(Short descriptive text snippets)
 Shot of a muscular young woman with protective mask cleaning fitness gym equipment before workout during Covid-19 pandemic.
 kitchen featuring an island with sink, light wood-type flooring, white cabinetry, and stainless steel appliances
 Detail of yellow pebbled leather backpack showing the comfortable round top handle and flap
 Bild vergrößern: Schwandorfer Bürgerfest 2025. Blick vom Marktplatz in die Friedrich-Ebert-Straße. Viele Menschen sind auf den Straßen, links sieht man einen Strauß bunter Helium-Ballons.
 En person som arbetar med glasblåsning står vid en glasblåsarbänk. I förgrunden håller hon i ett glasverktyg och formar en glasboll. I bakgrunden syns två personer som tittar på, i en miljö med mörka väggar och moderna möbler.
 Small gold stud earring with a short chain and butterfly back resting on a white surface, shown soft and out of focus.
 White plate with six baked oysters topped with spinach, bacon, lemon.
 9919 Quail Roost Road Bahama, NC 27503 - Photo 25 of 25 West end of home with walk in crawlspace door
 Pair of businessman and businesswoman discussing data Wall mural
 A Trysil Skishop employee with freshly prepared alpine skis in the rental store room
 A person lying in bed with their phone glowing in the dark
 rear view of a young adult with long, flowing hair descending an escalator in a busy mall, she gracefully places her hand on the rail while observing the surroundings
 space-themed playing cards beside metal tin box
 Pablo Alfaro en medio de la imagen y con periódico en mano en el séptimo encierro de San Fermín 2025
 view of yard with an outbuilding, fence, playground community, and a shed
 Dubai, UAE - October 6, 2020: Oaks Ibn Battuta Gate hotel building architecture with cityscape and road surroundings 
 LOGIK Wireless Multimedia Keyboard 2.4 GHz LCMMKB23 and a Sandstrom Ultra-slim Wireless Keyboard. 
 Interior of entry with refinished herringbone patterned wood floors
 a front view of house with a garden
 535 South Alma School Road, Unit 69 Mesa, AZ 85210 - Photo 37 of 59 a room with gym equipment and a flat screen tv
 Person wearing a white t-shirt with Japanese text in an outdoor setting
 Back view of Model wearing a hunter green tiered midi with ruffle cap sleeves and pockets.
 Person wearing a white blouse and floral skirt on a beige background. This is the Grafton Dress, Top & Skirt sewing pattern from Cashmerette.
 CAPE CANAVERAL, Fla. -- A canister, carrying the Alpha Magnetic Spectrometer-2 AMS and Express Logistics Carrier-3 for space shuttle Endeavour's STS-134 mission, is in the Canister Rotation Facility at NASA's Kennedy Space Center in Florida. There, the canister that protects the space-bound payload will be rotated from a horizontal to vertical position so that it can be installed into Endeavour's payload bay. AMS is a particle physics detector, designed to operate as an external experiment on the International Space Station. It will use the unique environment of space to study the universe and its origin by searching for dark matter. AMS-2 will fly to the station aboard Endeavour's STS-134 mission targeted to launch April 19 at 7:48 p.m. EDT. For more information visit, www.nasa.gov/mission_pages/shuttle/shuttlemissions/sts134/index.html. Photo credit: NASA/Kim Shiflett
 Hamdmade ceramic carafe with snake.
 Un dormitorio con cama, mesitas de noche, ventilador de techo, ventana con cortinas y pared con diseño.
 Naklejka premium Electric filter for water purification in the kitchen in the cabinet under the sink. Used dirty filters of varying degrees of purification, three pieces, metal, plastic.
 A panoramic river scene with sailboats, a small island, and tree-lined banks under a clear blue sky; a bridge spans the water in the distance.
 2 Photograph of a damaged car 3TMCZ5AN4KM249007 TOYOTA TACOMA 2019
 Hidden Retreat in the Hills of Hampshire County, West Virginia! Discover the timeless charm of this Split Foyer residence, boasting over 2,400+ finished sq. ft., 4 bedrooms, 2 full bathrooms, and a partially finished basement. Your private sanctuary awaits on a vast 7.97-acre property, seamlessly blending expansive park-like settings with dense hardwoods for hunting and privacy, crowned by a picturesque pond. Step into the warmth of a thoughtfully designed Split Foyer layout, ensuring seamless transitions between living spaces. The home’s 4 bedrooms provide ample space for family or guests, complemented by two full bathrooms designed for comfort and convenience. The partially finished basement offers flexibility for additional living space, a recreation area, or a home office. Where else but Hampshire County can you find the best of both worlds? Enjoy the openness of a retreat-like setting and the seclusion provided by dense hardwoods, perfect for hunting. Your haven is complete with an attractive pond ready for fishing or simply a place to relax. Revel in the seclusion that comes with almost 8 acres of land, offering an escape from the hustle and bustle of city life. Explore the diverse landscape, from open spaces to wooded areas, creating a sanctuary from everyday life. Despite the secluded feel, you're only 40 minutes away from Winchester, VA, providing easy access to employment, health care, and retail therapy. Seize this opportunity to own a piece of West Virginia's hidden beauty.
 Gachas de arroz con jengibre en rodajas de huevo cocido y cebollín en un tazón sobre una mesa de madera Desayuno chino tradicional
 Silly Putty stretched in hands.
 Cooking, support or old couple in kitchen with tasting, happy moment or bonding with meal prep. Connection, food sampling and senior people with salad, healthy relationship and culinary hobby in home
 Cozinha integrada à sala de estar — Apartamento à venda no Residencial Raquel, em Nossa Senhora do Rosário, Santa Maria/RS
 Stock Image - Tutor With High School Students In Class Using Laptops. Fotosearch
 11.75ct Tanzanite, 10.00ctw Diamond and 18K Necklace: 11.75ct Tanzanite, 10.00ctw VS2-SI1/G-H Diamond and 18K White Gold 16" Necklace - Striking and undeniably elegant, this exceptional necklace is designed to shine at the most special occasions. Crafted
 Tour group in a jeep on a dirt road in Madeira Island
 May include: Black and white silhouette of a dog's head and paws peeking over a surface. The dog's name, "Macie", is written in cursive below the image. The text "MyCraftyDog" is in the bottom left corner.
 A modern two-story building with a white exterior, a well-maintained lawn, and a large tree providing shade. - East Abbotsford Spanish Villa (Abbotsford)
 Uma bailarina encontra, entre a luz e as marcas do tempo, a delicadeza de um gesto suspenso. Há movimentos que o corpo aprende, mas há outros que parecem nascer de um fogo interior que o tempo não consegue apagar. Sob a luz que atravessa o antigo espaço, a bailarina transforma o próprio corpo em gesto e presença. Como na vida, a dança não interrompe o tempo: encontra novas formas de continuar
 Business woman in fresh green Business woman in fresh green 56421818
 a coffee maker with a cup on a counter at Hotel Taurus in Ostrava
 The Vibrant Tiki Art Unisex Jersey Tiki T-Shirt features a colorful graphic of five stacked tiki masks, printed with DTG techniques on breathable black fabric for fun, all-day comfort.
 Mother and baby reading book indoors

#### TASK TO CARRY OUT
In the entries above, find the line holding "9919 Quail Roost" and the line holding "535 South Alma"; print both of them and every line between, exactly, and nothing else.

#### ANSWER BELOW
 9919 Quail Roost Road Bahama, NC 27503 - Photo 25 of 25 West end of home with walk in crawlspace door
 Pair of businessman and businesswoman discussing data Wall mural
 A Trysil Skishop employee with freshly prepared alpine skis in the rental store room
 A person lying in bed with their phone glowing in the dark
 rear view of a young adult with long, flowing hair descending an escalator in a busy mall, she gracefully places her hand on the rail while observing the surroundings
 space-themed playing cards beside metal tin box
 Pablo Alfaro en medio de la imagen y con periódico en mano en el séptimo encierro de San Fermín 2025
 view of yard with an outbuilding, fence, playground community, and a shed
 Dubai, UAE - October 6, 2020: Oaks Ibn Battuta Gate hotel building architecture with cityscape and road surroundings 
 LOGIK Wireless Multimedia Keyboard 2.4 GHz LCMMKB23 and a Sandstrom Ultra-slim Wireless Keyboard. 
 Interior of entry with refinished herringbone patterned wood floors
 a front view of house with a garden
 535 South Alma School Road, Unit 69 Mesa, AZ 85210 - Photo 37 of 59 a room with gym equipment and a flat screen tv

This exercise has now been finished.